Work item. Once you find the line with "9722 South Buttonwood Circle - Photo 7 of 16" in the listing below, set down exactly every line from it through the line with "Classic Lilly Pulitzer", but no pictures.

#### Provided material

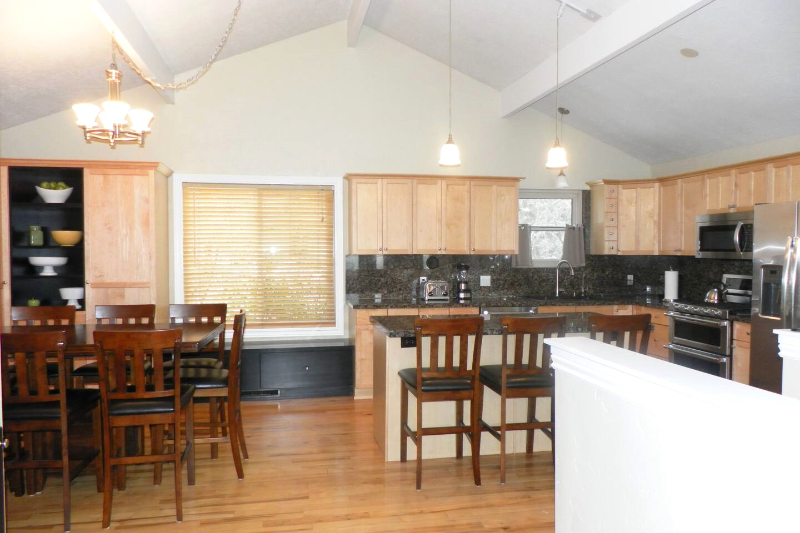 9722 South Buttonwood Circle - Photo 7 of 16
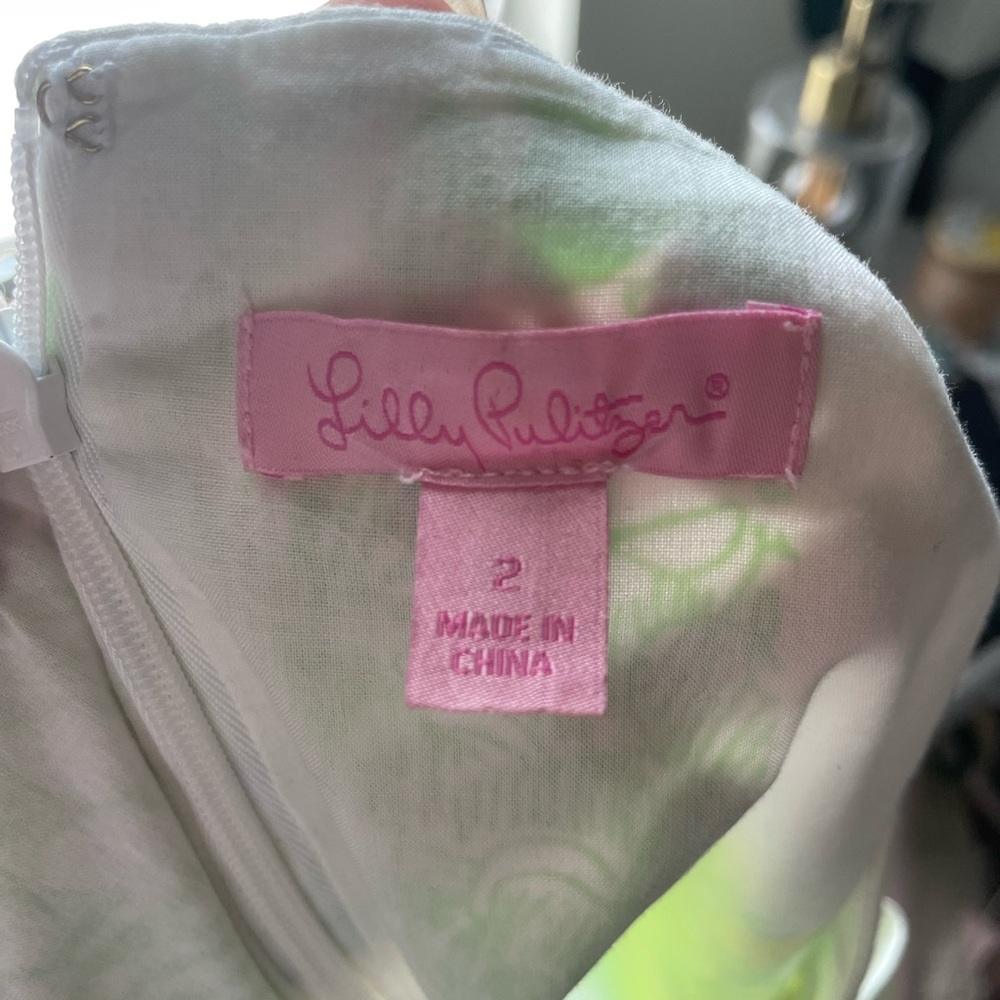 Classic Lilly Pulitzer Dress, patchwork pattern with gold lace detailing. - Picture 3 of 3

########
#### Provided material

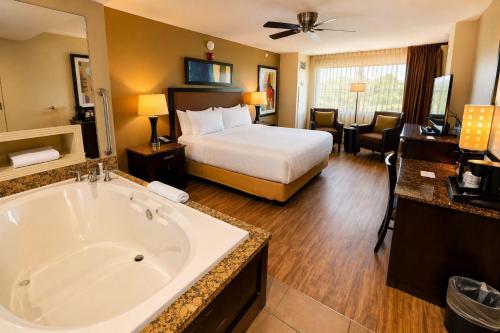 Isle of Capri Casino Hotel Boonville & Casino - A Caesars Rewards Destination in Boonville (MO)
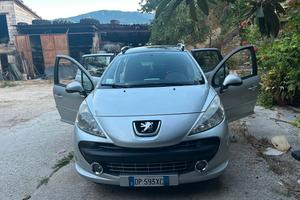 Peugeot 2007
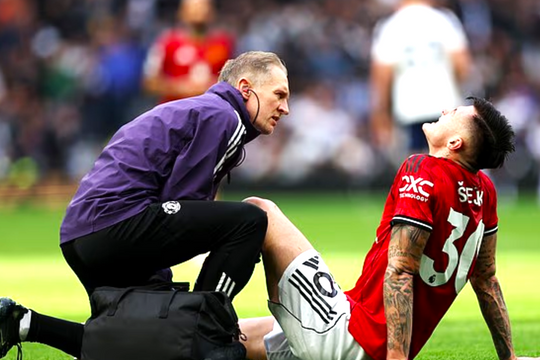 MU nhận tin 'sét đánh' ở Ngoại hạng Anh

########

Output of the exercise.
 9722 South Buttonwood Circle - Photo 7 of 16
 Classic Lilly Pulitzer Dress, patchwork pattern with gold lace detailing. - Picture 3 of 3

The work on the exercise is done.